When I first arrived there were from few to no supermarkets here in Chelyabinsk, and you need to remember that this is a city of more than one million. There were a ton of “Produkti” shops, which are typically small shops with about 20% of the products found in a typical 7-11 back in the States, and for those of you that don’t know, 7-11 is just a chain of very small neighborhood markets. The only thing that these Russian markets had was a huge selection, or perhaps better to say, “quantity” of alcoholic beverages and the 2nd largest selection was of snacks specifically geared towards the consumption of alcohol. It wasn’t funny, but rather depressing.
Many people did their shopping at outdoor markets. For the foreigners who may be listening to this podcast by accident or something, I need to give you a reality check. If your idea of an outdoor market is one where the person who grew or raised the food is there proudly selling the fruit of their labor, you are thinking of someplace else, perhaps it was a Norman Rockwell painting you once saw in a book. Here an outdoor market could be more aptly described as a rather dirty place where angry people buy products from angry rude sellers. A place where cars are not allowed, but if you don’t watch your step you may get run over. First I have to warn you about the experience of waiting in a line in Russia, which is rather unique to Russia I think. Not at an outdoor market, but elsewhere, you simply arrive and ask, “who’s last?” Usually someone will say that they are. Now mind you, there is absolutely no organization to this line, or really any reason to even call it a line. You may know who you are behind now, but apart from that, you really have no idea of how far back in the line you are. First, there is usually no line, second, you don’t know how many people are in front of you, only who you are directly behind. You can’t even begin to imagine the stress level created by this total lack of a system.
Now, something that I try to not do, and also tell other foreigners to not do. My speech goes something like this, “ try to stay away from judging how things are done in another country. What may seem like a stupid way of doing things is merely a different way of doing things. Don’t always see things through the lenses of your own culture.” After being here for several years I realize that some things are just plain stupid and this “who’s next” system certainly is.

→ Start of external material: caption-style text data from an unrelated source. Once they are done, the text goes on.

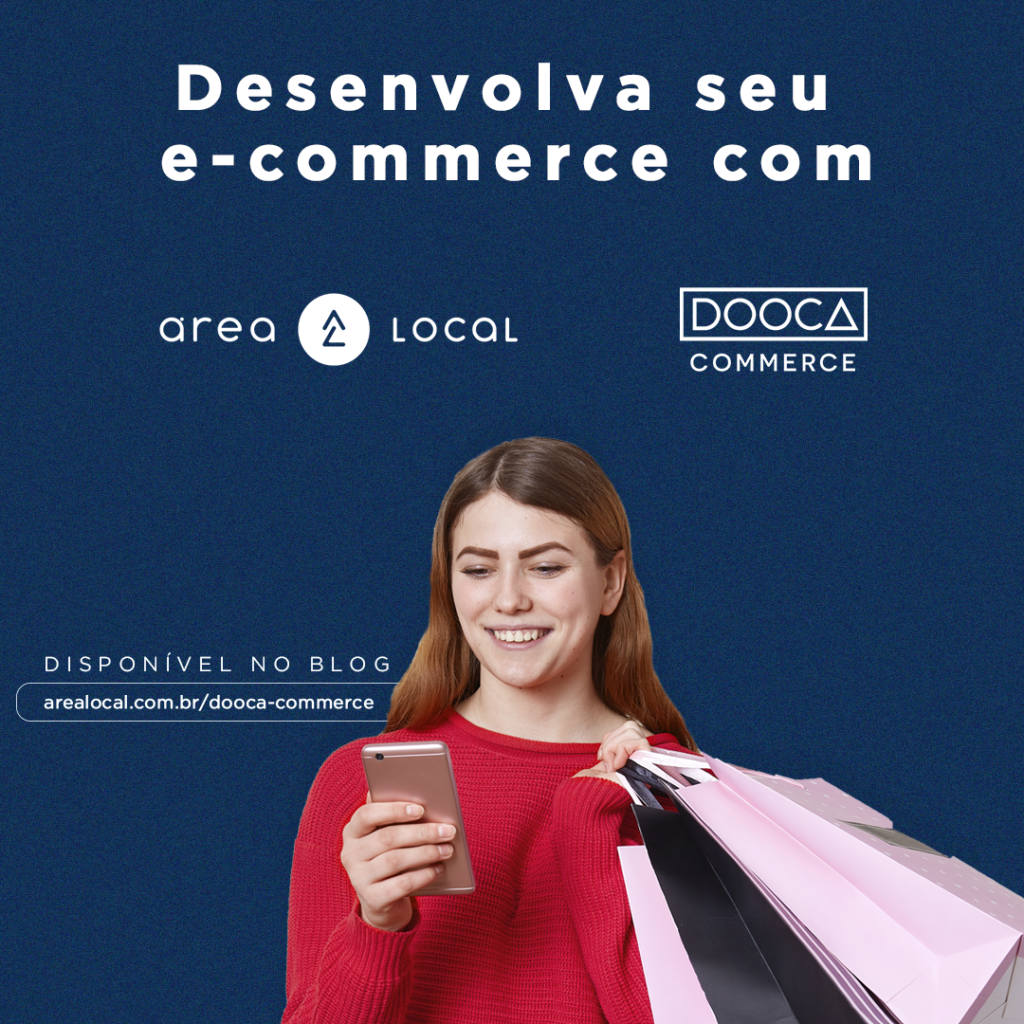 Nova parceria: Área Local e Dooca Commerce
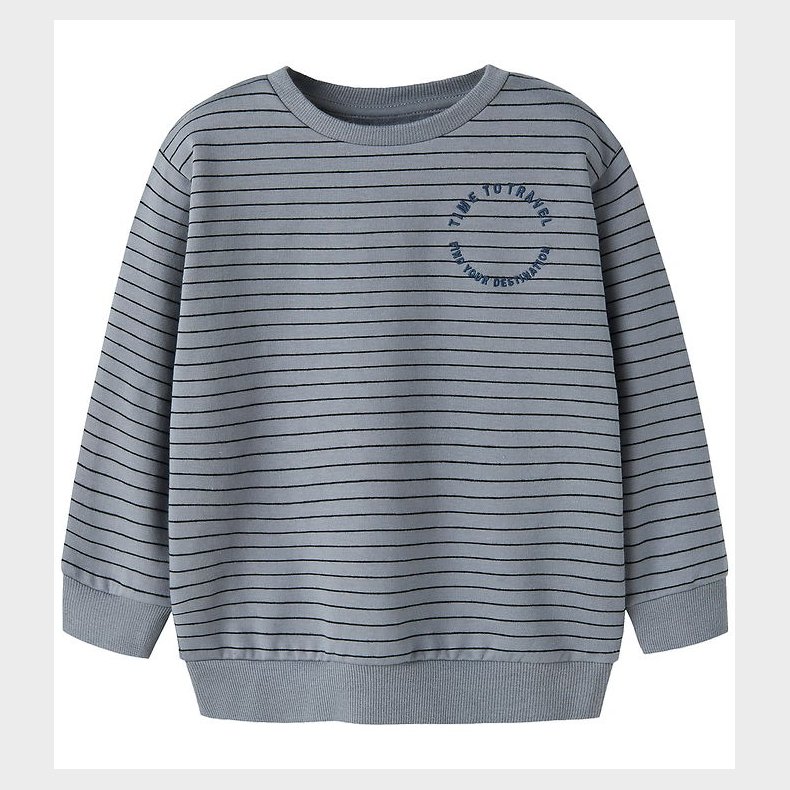 Name It Sweatshirt - NmmOmero - Tradewinds m. Striber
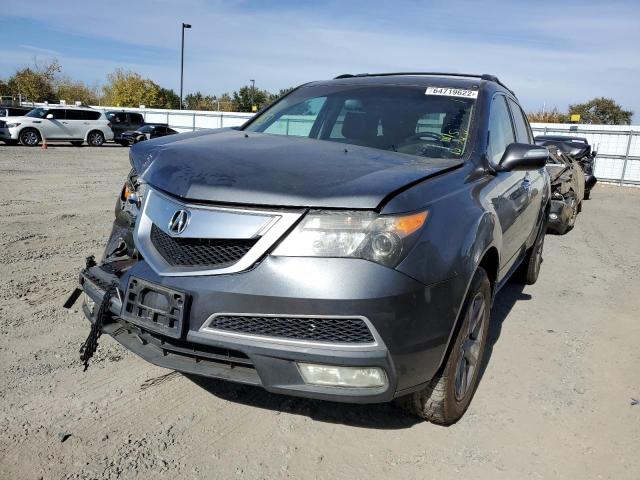 Photo 1 VIN: 2HNYD2H4XBH523741 - ACURA MDX TECHNO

Well, let me get back to the line at the outdoor market, or reenock, as they are known in Russian. Here people try to actually get in a line, as I define the word “line”, but here is what happens next, or at least used to happen years ago. As you and others are trying to wait in a semi-orderly line, someone will inevitably come along towards the beginning of the line and pretend to be looking at the products or prices. Oh yeah, I forgot to mention; everything is put away where you can’t touch it, well, this isn’t always true with fruit and vegetables. Anyhow, this person, usually an old lady, after fake looking at the prices and products will then “sidle” into the line up near the front, causing stress and anger with everyone else. Bear in mind also that you will wait at half a dozen of these little kiosks to get the different things that you wanted to buy. Each time this same situation may be acting out. As I said, or at least should have already said; shopping at an outdoor market sucks and is not meant for a non aggressive person.

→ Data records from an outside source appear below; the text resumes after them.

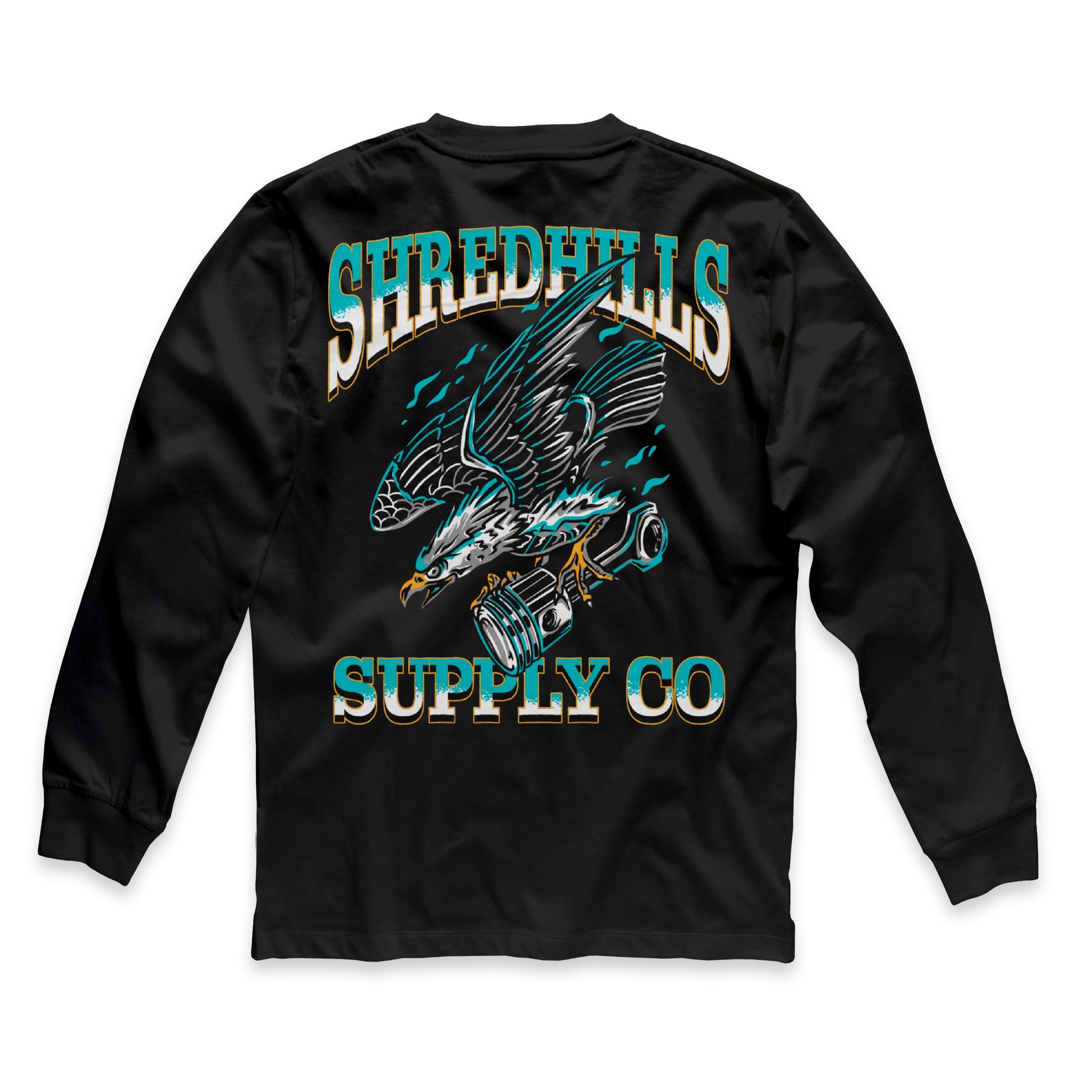 Rise up - Long Sleeves - Shredhills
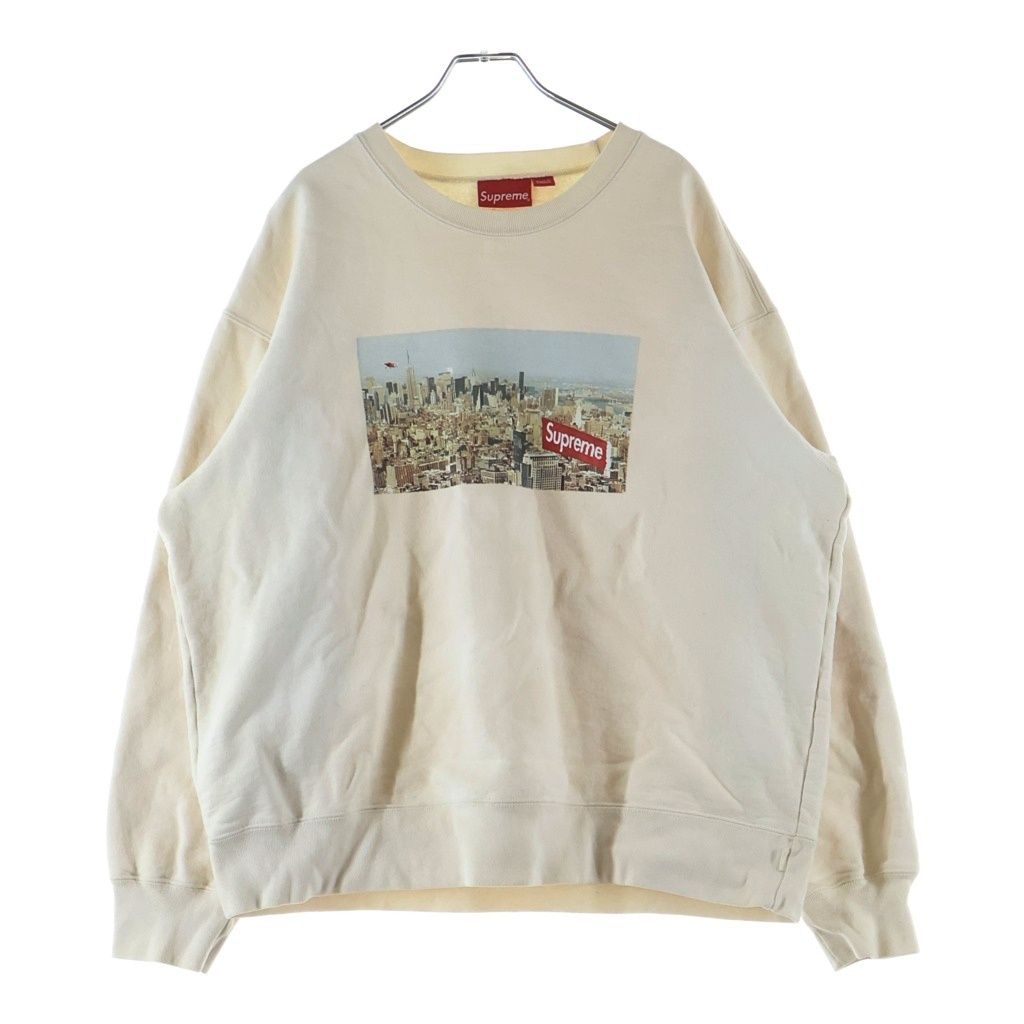 シュプリーム 20AW Aerial Crewneck トレーナー プリント L Supreme 20AW Aerial Crewneck L size Supreme シュプリーム 20AW
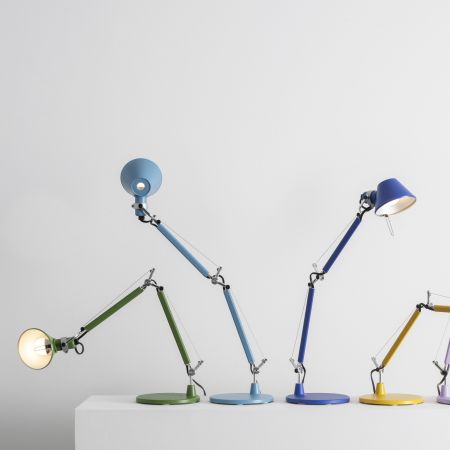 Artemide - Tolomeo Micro Verde da tavolo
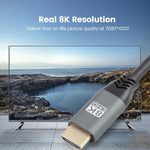 HDMI2.1 8K 120Hz 高ダイナミックHDケーブル、120Hz 50cm、120Hz 1.5m、120Hz 2m、120Hz 3m、120Hz 5m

Now, when you reach the front of the line be prepared to encounter a rude ignorant person. There will be no welcoming smile, or even a, “how may I help you?”, no, usually you will be greeted with a “what?”. After you have told them everything you want and they have put it in a bag that you better have remembered to bring, then they will tell you the total. You better have exact change also, because these people are such poor business people, or for that matter, human beings, that sometimes if you don’t have the exact change, they won’t even sell you the goods. You see, they don’t want to give away any of their change.
After being here for several months, I thought that the actually change (as in coins) had some sort of much greater value than paper money and I had a large bowl of coins that I would not even use. As I now understand, wackiness breeds wacky thoughts.

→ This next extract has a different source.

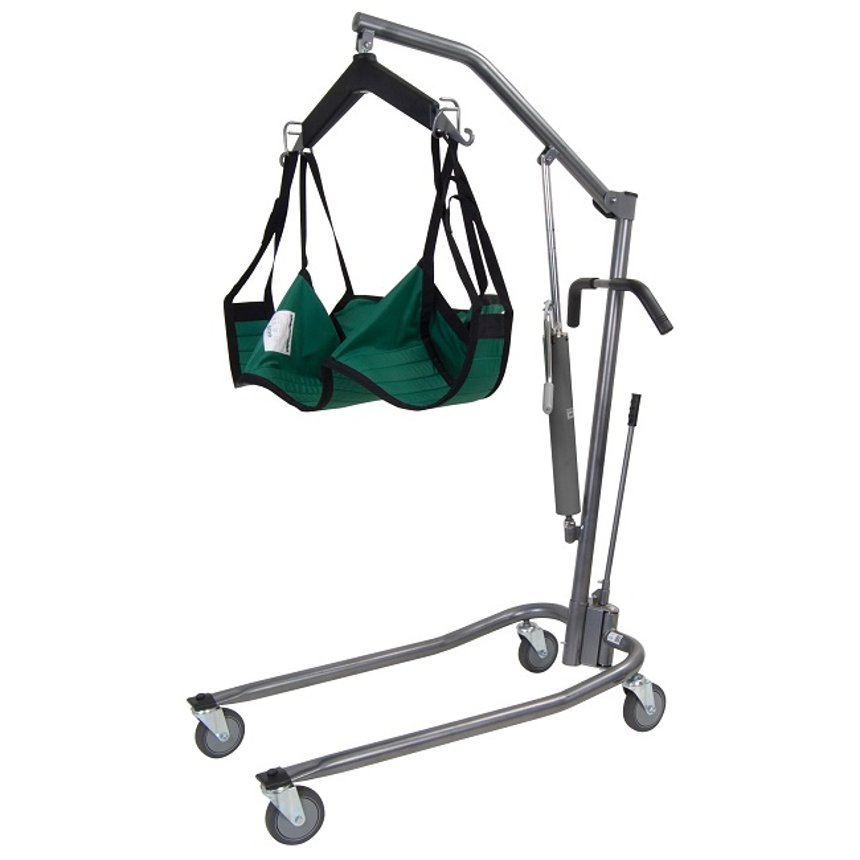 Drive Medical Deluxe Hydraulic Lift Manual Patient Lifts from SpinLife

As I was in the county longer, some Western style supermarkets began to open up. Now, I’m a person who believes in small businesses and also believes in doing my part to support small businesses, but in this case I’ve got to say. I eagerly await the day when every one of these filthy miserable markets are out of business and shuttered for good. This is one situation when I enjoy seeing the big guy step on and crush the little guy. In this situation they remind me of roaches and deserve to be crushed.
OK, now that I have the outdoor market crowd angered at me, which is truly a joke since most would be too stupid to figure out how to turn on a computer, now I’ll also get the ethnic Russians pissed off also.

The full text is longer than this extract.